In unison (because they do EVERYTHING in unison), they all looked down at their shoes. While they were preoccupied, I took the opportunity to close the door on 'em and head back to my breakfast drink. It's amazing how slow these guys are. I was pouring my 2nd glass when they finally knocked again. I took my breakfast with me as I headed back to the door, grinning ear to ear and shaking my head.

"I already gave at the office guys." I said as I opened the door. I could see Mickey, my attorney coming up the walkway behind them. This had to be more than a pester job by the government, hassling me about Momo. He ran up to the door, between me and the mini goons.

"I represent Mr. Sinatra, what is the nature of your visit gentlemen?" Then he turned to me, "Not a word Frank."

"We have a warrant to search the premises," the oldest one answered.

Mickey shot back, "Yeah, well, I don't see it. Produce it or we're filing harassment charges, and believe me fellas, we can get real public and vocal about this."

One of the "Hoover carbon copies" pulled the warrant out from his suit pocket and handed it to the goon that was talkin' to Mickey. Mickey, God love him, grabbed it out of the agent's hands and started reading it.

I still saw a little levity in the scenario and said, "Easy Mick, these guys had a rough morning. Just look at their shoes." Again, in unison, four government heads went down in unison.

Mickey finished reading the warrant and handed it back to the agent, "OK boys, you break anything and you'll wish you were mailmen. I am going to accompany you throughout your search as a representative to Mr. Sinatra, that's not negotiable. Frank, you may want to go hang out by the pool or something. We'll talk after."

At that point, the brown shoe squad started to enter. I decided to go for one more stick at 'em and put my hand up. "Uh-uh. If you're walking through my house, you lose the shoes at the door boys."

"Mr. Sinatra, don't make this any more difficult than it has to be..."

"Hey, I can make it real difficult kid. You're not bringing those shit kickers in my house. I knew Hoover and he'd a sent your ass to Siberia for dressin' like that, believe me."
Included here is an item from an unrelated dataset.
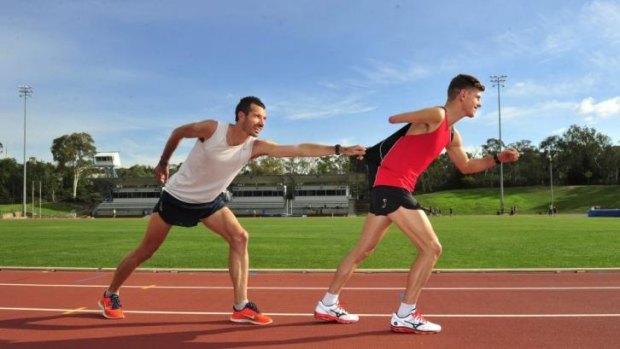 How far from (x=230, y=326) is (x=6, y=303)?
328cm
Mickey interceded, "Guys, Mr. Sinatra is willing to comply with your baseless warrant, the least you can do is comply with his one wish that no shoes touch his carpet. It's simply a house keeping issue gentlemen."

"No, it's a taste issue Mick," I said, staring straight at the older agent. "You better be wearin' black socks under those slippers boys."

They looked at each other and then again, in unison, started removing their shoes. I turned to walk back to the pool. It was all I could do to keep from laughing my ass off. Sinatra 1, G-Men 0.

They're still goin' through the house, I've got no clue what this is about yet, so I'll fill you in as soon as I get the word from Mickey.